You can reduce the time of the second option by filtering each channel separately, which makes the image a little more cache and SIMD friendly.

from skimage import io, restoration, util

image = io.imread("test.png")  # Note: if you use OpenCV's cv.imread the channel order will be BGR not RGB
image = util.img_as_float64(image)
image_inverted = util.invert(image)
background_R = restoration.rolling_ball(image_inverted[..., 0], radius=15)
background_G = restoration.rolling_ball(image_inverted[..., 1], radius=15)
background_B = restoration.rolling_ball(image_inverted[..., 2], radius=15)
background = np.stack([background_R, background_G, background_B], 2)
filtered_image_inverted = image_inverted - background
filtered_image = util.invert(filtered_image_inverted)

Which takes about 1.4 sec on my machine.

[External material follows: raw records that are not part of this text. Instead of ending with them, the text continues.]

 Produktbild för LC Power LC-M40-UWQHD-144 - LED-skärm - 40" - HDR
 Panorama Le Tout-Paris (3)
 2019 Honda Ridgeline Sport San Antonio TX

Or more elegantly (but slower) by temporarily storing the image channel-first

from skimage import io, restoration, util
import numpy as np

image = io.imread("test.png")  # Note: if you use OpenCV's cv.imread the channel order will be BGR not RGB
image = np.moveaxis(image, 2, 0) # make the image channel-first
image = util.img_as_float64(image)
image_inverted = util.invert(image)
kernel = restoration.ellipsoid_kernel((1, 31, 31), 31)  # filter each color channel individually
background = restoration.rolling_ball(image_inverted, kernel=kernel)
filtered_image_inverted = image_inverted - background
filtered_image = util.invert(filtered_image_inverted)
filtered_image = np.moveaxis(filtered_image, 0, 2)  # make the image channel-last

Which takes about 2.5 seconds on my machine.

---

I don't know how imageJ does this under the hood, but maybe someone else knows? Either way, I hope this helps you reducing the runtime a bit.

[grlee77]

Thanks for the detailed feedback here @FirefoxMetzger.

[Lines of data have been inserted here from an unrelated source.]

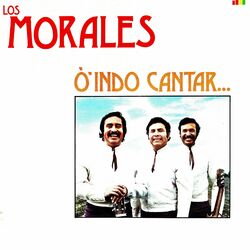 Cover of Ó ´indo cantar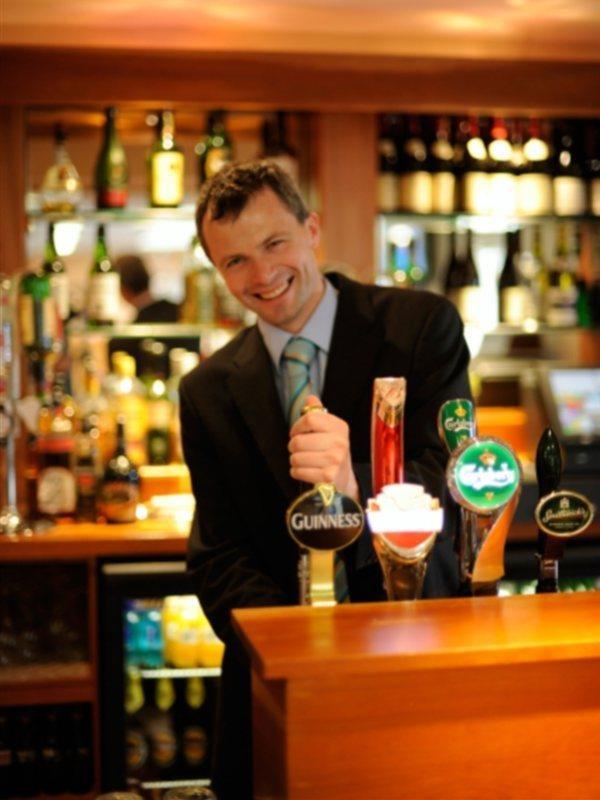 Hotel The Hoban Kilkenny
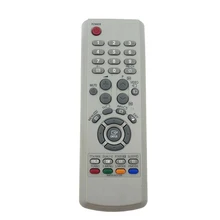 Nova substituição de alta qualidade controle remoto para samsung tv controle remoto AA59 00312A fernbedienung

A couple of additional possibilities would be:

• convert to HSV and filter the V (value) channel then convert back to RGB
• convert to YUV and filter the Y (luminance) channel then convert back to RGB

I guess in practice one would have to compare the quality of these various approaches in an application to determine which is most appropriate to use. I also don't know which approach ImageJ takes.

[grlee77]

Actually, there is a link to the java code in one of the links above. It looks like it uses a color conversion approach as in my prior comment (HSB with filtering on the "brightness" channel).

I think HSB is just a synonym for what scikit-image calls HSV, so the scikit-image conversion functions are skimage.color.rgb2hsv and skimage.color.hsv2rgb.

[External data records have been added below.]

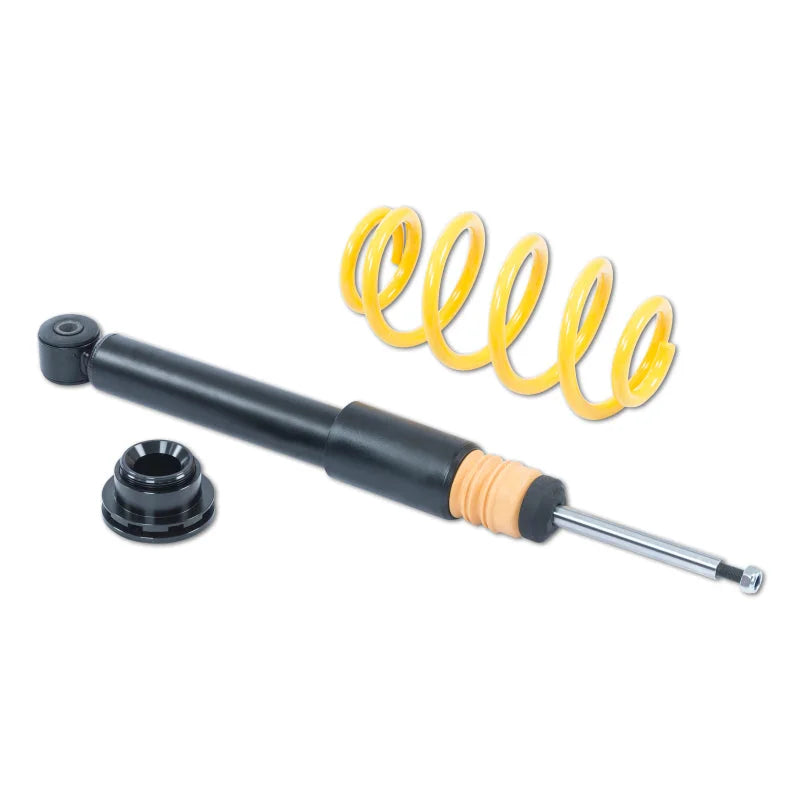 ST Coilover Kit 09-15 Volkswagen Passat CC Sport (Incl 4Motion) - Additional View 10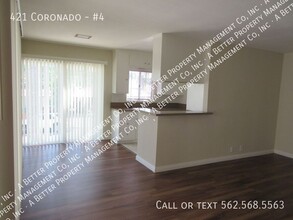 421 Coronado Ave in Long Beach, CA - Building Photo - Building Photo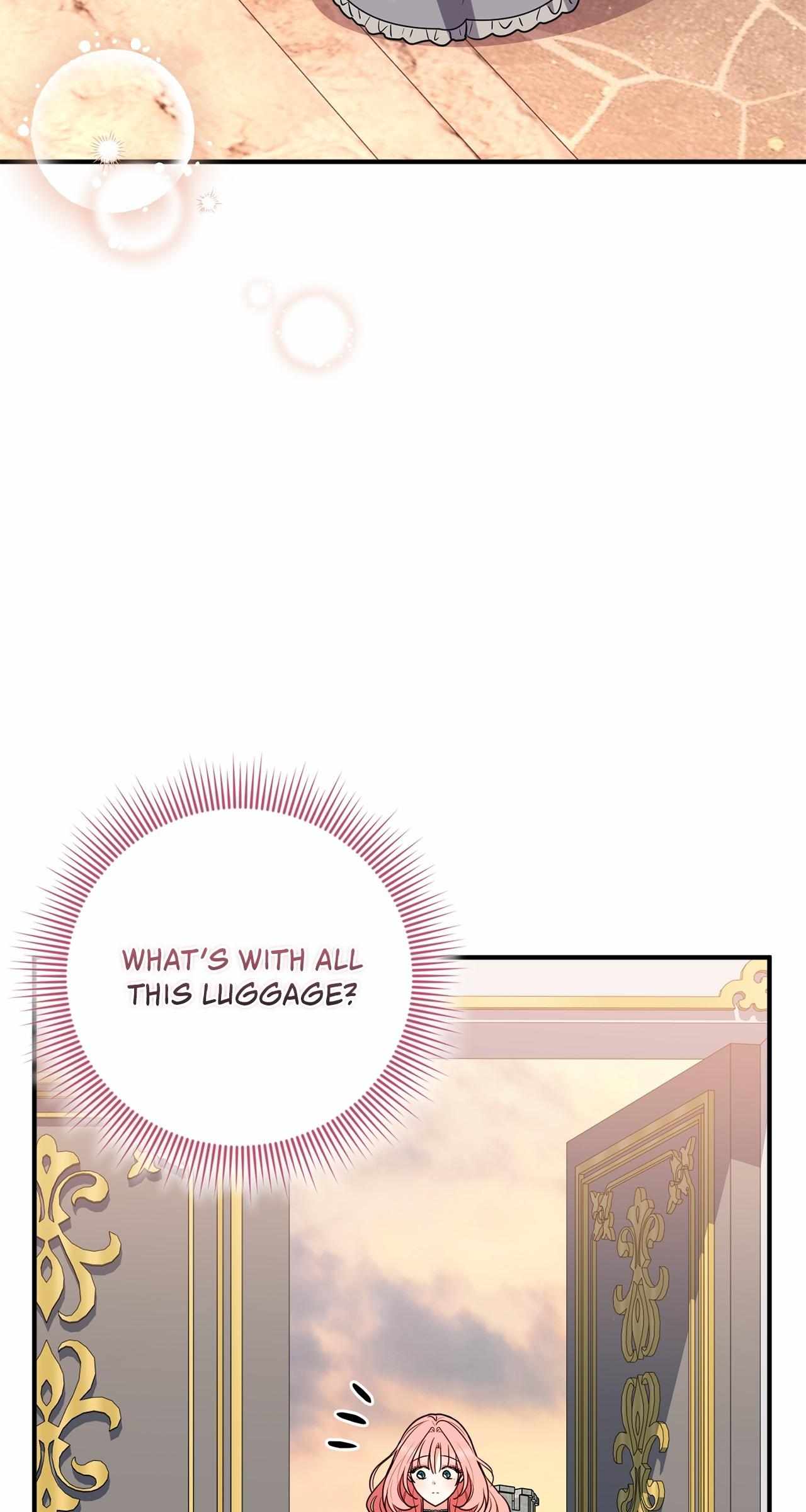 The Beloved Gardener of the World Tree Chapter 30 page 84 - 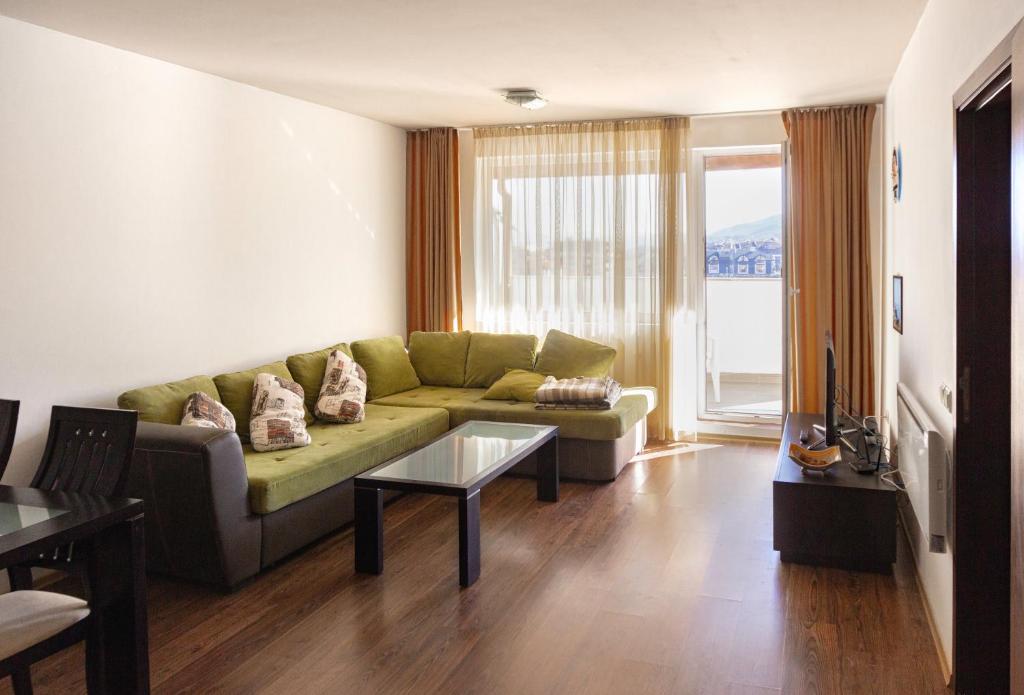 Bansko Royal Towers - 255 - Cozy apts, close to the lift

This is Java code from the link above

    public void subtractRGBBackround(ColorProcessor ip, int ballRadius) {
        int width = ip.getWidth();
        int height = ip.getHeight();
        byte[] H = new byte[width*height];
        byte[] S = new byte[width*height];
        byte[] B = new byte[width*height];
        ip.getHSB(H, S, B);
        ByteProcessor brightness = new ByteProcessor(width, height, B, null);
        subtractBackround(brightness, radius);
        ip.setHSB(H, S, (byte[])brightness.getPixels());
    }

This should also be fast as in the cases @FirefoxMetzger benchmarked above.

[FirefoxMetzger]

Nice find, @grlee77 ! This is indeed a very similar idea to the one that converts to grayscale. It only filters a single channel, so one would expect the timings to be near the grayscale approach, i.e., around 1 second runtime.

[grlee77]

Feel free to continue discussion here, but it looks like this issue can be closed as performance seems satisfactory as long as a 2D rolling ball is applied to the color image.

If desired, please open a separate issue regarding a potential enhancement for color image processing. Specifically, we could add an rgb kwarg to the method and have it implement the HSV approach mentioned above if set to True.